Są zarzuty po ataku na ochroniarza w sklepie na Bielanach

3 godzin temu

Są zarzuty dla mężczyzny po szarpaninie w markecie przy ul. Przy Agorze. Ochroniarz został zaatakowany ostrym narzędziem.

O okolicznościach mówi Elwira Kozłowska z bielańskiej policji.

Do sklepu wszedł mężczyzna, który zabrał trzy butelki wódki i próbował opuścić lokalnie, płacąc za towar. Wówczas interweniował pracownik ochrony, który próbował odebrać klientowi torbę z butelkami. Doszło do szarpaniny pomiędzy mężczyznami, podczas której pracownik ochrony został zraniony w rękę nożem tapicerskim oraz uderzony butelką wódki w ramię — relacjonuje.

Był już wcześniej karany

Mężczyznę udało się zatrzymać już kolejnego dnia. Miał przy sobie cudzą kartę płatniczą.
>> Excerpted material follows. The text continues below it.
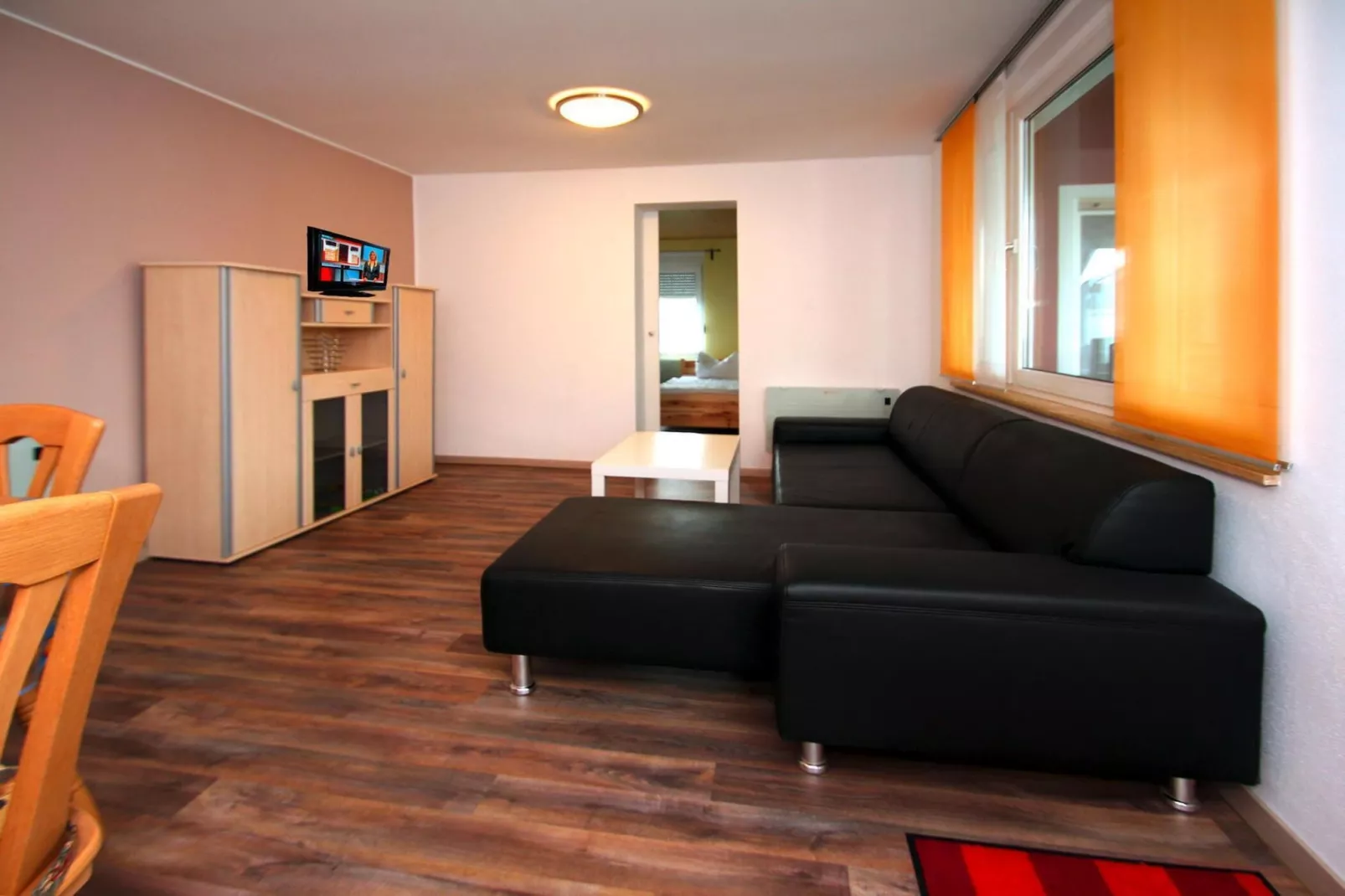 Bungalow in Senftenberg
Okazało się, iż 39-latek spotkał się ze swoim znajomym i obaj mężczyźni wspólnie spożywali alkohol pochodzący z kradzieży. W pewnym momencie znajomy oddalił się na chwilę, a w tym czasie 39-latek dokonał z jego saszetki kradzieży dokumentów, w tym trzech kart bankomatowych, dowodu osobistego oraz karty podarunkowej oraz 6000 zł — tłumaczy policjantka.


Mężczyzna został tymczasowo aresztowany na 3 miesiące.

Okazało się iż był już wcześniej karany. Grozi mu do 15 lat więzienia.